NZD/JPY: Trade NZD JPY

Trading sekarang
FieldValue
Minimum size0.01 lots
Maximum size80 lots
Contract sizeNZD 100,000
Pip size0.01
Pip value (standard lot)JPY 1000

What is NZDJPY?

NZDJPY represents the live exchange rate between the New Zealand dollar and the Japanese yen. NZD is the currency code for the New Zealand dollar, and JPY is the Japanese yen. The pair expresses how many yen one New Zealand dollar buys at any given moment, and because neither currency is the US dollar, NZDJPY is classified as a cross pair.


NZDJPY recorded an average daily volume of $5 billion and a 0.1% share of total forex turnover according to the 2025 BIS Triennial Survey. That places it at the thinner end of the JPY cross spectrum, well below EURJPY's $99 billion or GBPJPY's larger institutional volumes, but both constituent currencies individually rank among the ten most traded globally.

What affects the NZDJPY price?

The NZDJPY price is driven by 6 factors: the RBNZ-BoJ interest rate differential, New Zealand's terms of trade, Japanese macroeconomic data, global risk sentiment, the bilateral trade balance, and dairy commodity prices.


If we had to isolate the single most influential force, it is the interest rate differential between the Reserve Bank of New Zealand and the Bank of Japan. The RBNZ's Official Cash Rate sits at 2.25%, while the BoJ holds its policy rate at 0.75%, a spread of 150 basis points in the New Zealand dollar's favour. That gap determines the cost of carry and shapes positioning across the pair. One detail worth flagging: the RBNZ held the OCR at 2.25% in April 2026 amid uncertainty from the Middle East oil price shock, while the BoJ has signalled that further rate hikes remain on the table if inflation expectations become unanchored. Both central banks are navigating energy-driven inflation against fragile recoveries, so the differential is live and subject to compression.


New Zealand's terms of trade transmit directly into the NZD side. Dairy accounts for 44% of New Zealand's primary sector export revenue, with total primary sector exports forecast to reach a record NZ$62 billion in the year to June 2026. The Global Dairy Trade (GDT) auction price index reprices the New Zealand dollar on each fortnightly release. Japanese CPI data, Tankan survey results, and BoJ policy signals reprice the yen side. Risk sentiment acts as a cross-cutting factor: we see NZDJPY rise during risk-on conditions as capital flows toward the higher-yielding NZD and away from the safe-haven yen, and fall during risk-off events as the reverse occurs.

How is the NZDJPY exchange rate calculated?

The NZDJPY exchange rate tells you how many Japanese yen one New Zealand dollar costs.
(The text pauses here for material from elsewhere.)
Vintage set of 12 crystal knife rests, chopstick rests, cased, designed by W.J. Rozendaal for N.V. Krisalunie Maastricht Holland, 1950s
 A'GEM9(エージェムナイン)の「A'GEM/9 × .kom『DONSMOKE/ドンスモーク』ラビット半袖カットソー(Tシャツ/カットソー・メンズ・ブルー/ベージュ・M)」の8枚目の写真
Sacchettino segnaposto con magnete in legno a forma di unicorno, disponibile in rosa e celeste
If the pair is trading at 93.00, one NZD buys 93 yen. Because NZDJPY is a cross pair, the rate is derived from two USD legs: NZDUSD and USDJPY. The pair moves when either side of the equation shifts. Rising demand for the New Zealand dollar drives the price higher, while a strengthening yen pulls it lower.
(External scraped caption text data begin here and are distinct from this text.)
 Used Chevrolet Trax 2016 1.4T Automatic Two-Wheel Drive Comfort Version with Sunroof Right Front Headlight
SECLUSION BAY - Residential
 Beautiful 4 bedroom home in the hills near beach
How does NZDJPY trading work?

You trade NZDJPY by entering a leveraged position on the New Zealand dollar-yen exchange rate without holding either currency directly. Your profit or loss depends on whether you correctly predict the direction of the move.


  1. Buy (go long): you open a long position if you expect the New Zealand dollar to strengthen against the yen, meaning the NZDJPY price will rise.
  2. Sell (go short): you open a short position if you expect the yen to strengthen against the New Zealand dollar, meaning the NZDJPY price will fall.

NZDJPY trades during standard forex hours, Monday to Friday, with its highest volume concentrated in the Asian session when both home markets are active.

What is the key benefit specific to trading NZDJPY?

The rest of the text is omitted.